We have three client certificates visible in the web ui and all of them are in revoked status but actually I can still access the git.mydomain.com and dev.mydomain.com with the revoked client certificates.

I see it as a security issue as I expect the revoked client certificates to be not accepted by Cloudflare firewall as there is cf.tls_client_auth.cert_verified condition.

Certificate revocation comes up from time to time. From what I recall, Cloudflare Client Certs only have a “Delete” option, so I’m not sure that means it’s revoked. I could be wrong.

Now there is no Delete option, there is a Revoke button and a Restore button if the cert is in revoked status. So that’s why i expect the certs in revoked status to be not accepted as valid.

sdayman MVP '18 - '21
August 5

Certificate revocation comes up from time to time. From what I recall, Cloudflare Client Certs only have a “Delete” option, so I’m not sure that means it’s revoked. I could be wrong.

1 Like

I see the certs are revoked. If I try to access the hostnames in question, I get blocked by way of Firewall rule you have in place. Does this happen if you try to access with a different device?

1 Like

If i don’t have any client cert on a device then i get blocked.
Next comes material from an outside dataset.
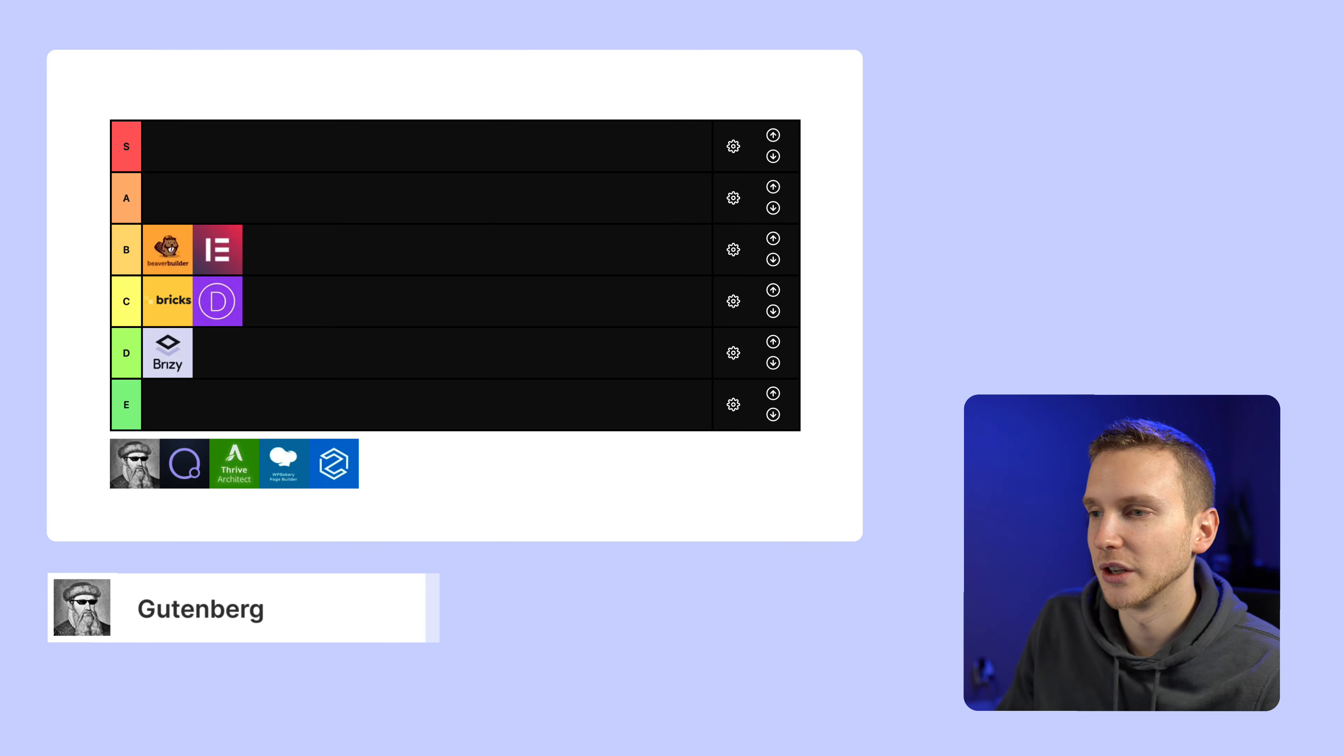But I guess we'll see what happens over the next year. So Gutenberg I'm gonna say for me still I guess a D. I don't look forward to making websites in Gutenberg at least not yet.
But if i have one of the revoked certs on a device then firewall does not block me and i still can access the resources. This way the ex-employees we shared the certs with can still access our internal resources though the certs were revoked.

blas Cloudflare Team
August 5

I see the certs are revoked. If I try to access the hostnames in question, I get blocked by way of Firewall rule you have in place. Does this happen if you try to access with a different device?

@1blas Can u please confirm if i am facing a bug or it is an expected firewall operation?

Just for a reference i will add the screenshot

And this is how it looks like with an active certificate - there is a Revoke button

@1blas For now we have three client certificates and all three are revoked. Still i can access our “client certificate protected” resources with any of the revoked certificates. Is it ok or am i facing a bug that will be fixed?

This issue seems to be a serious security risk, please let me know if i should expect the revoked certificates to stop working. Otherwise i should stop using client certificate as an access control measure in my project as soon as possible and look for another solution.

@1blas I understand that you personally can be not working nowadays, changed jobs or on vacation, i don’t know, it can be anything. But i don’t know how to reach Cloudflare Team otherwise.

The statement you made

I see the certs are revoked. If I try to access the hostnames in question, I get blocked by way of Firewall rule you have in place.

makes me think my question is not understood right and i tried to make it more clear.

My assumption is that you do not have access to the client certificates that i have so you get blocked. If you have the certificates, then it is

  1. surprising that you have them but ok, you are in the cloudflare team;
  2. surprising because the firewall works as expected for you but not for five people in my team.

Can anyone please give a clear answer if the revoked certificates are expected to be not working?

This topic was automatically closed 15 days after the last reply. New replies are no longer allowed.